[Information shown]
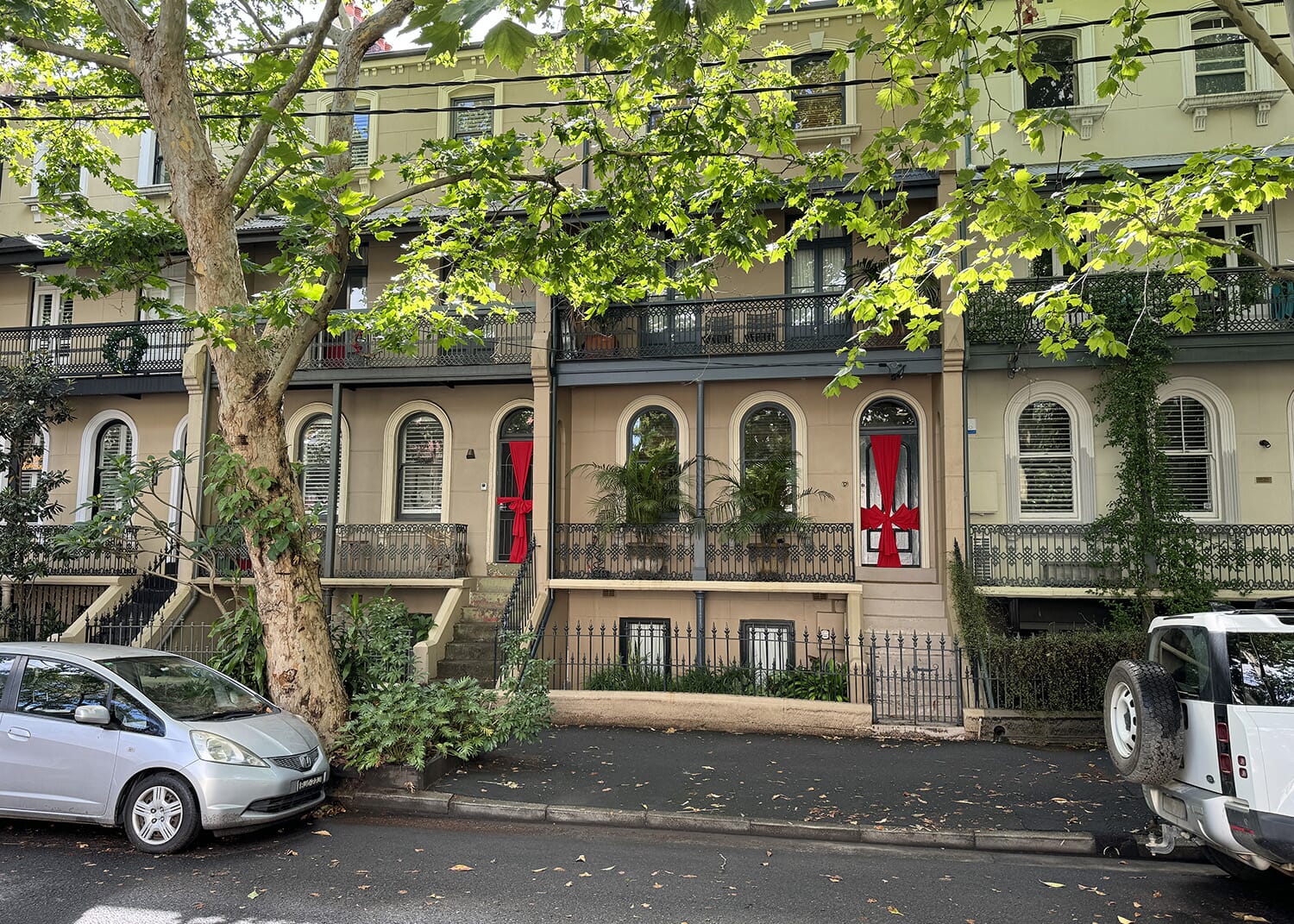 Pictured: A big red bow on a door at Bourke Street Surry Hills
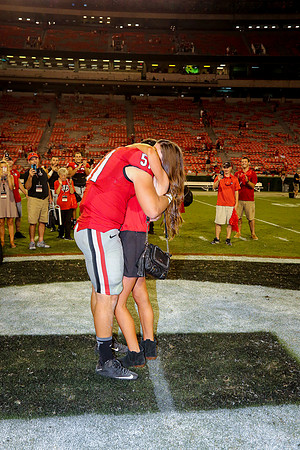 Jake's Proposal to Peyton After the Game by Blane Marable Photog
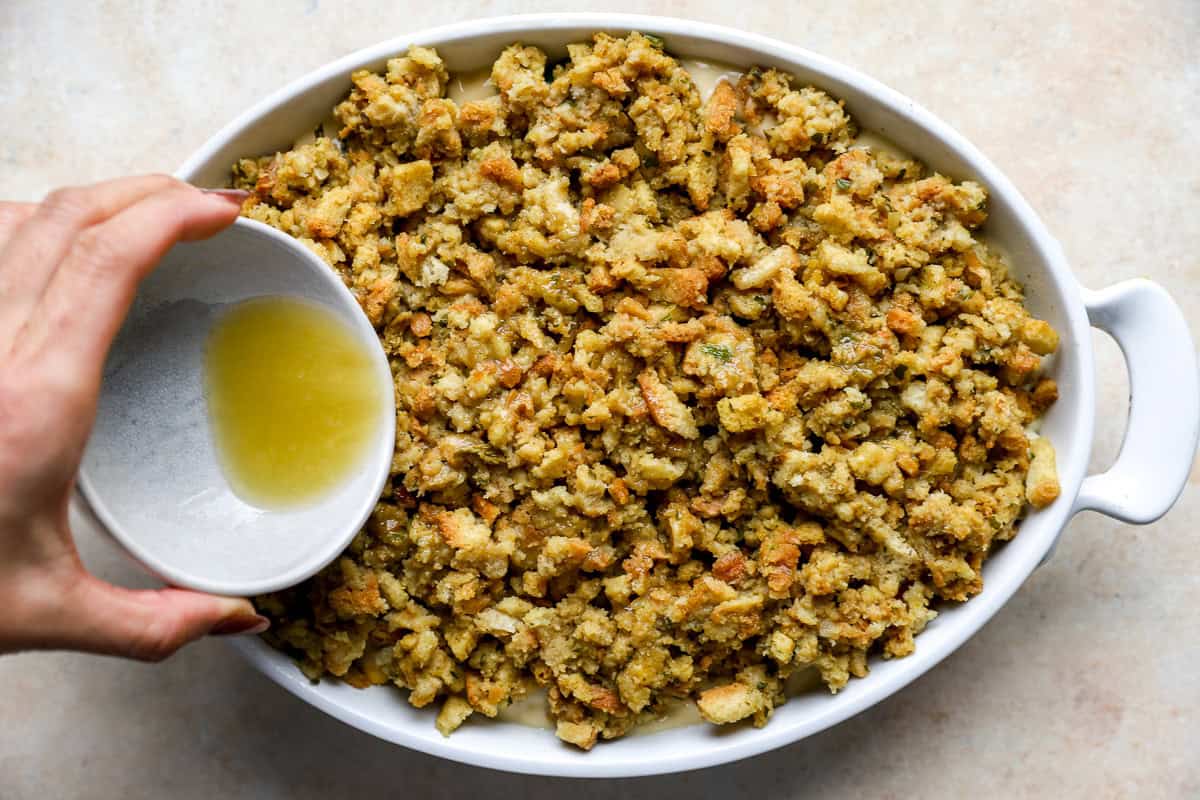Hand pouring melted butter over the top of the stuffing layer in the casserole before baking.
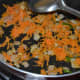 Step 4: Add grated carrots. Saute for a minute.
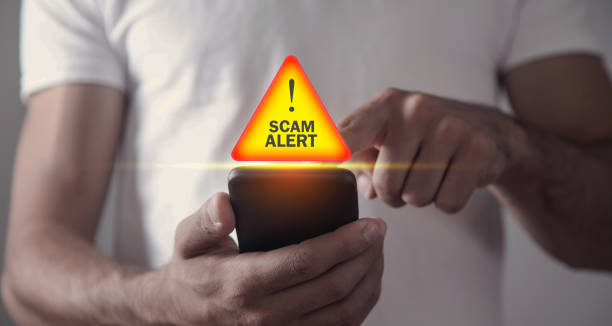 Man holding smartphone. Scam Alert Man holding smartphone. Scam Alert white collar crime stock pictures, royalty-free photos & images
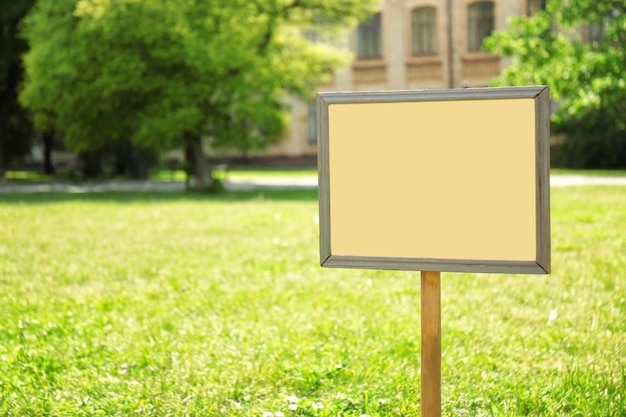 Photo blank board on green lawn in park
[/Information shown]
## Problem to solve
The images are to be left out while the entries are written out exactly.

## Completed exercise
 Pictured: A big red bow on a door at Bourke Street Surry Hills
 Jake's Proposal to Peyton After the Game by Blane Marable Photog
Hand pouring melted butter over the top of the stuffing layer in the casserole before baking.
 Step 4: Add grated carrots. Saute for a minute.
 Man holding smartphone. Scam Alert Man holding smartphone. Scam Alert white collar crime stock pictures, royalty-free photos & images
 Photo blank board on green lawn in park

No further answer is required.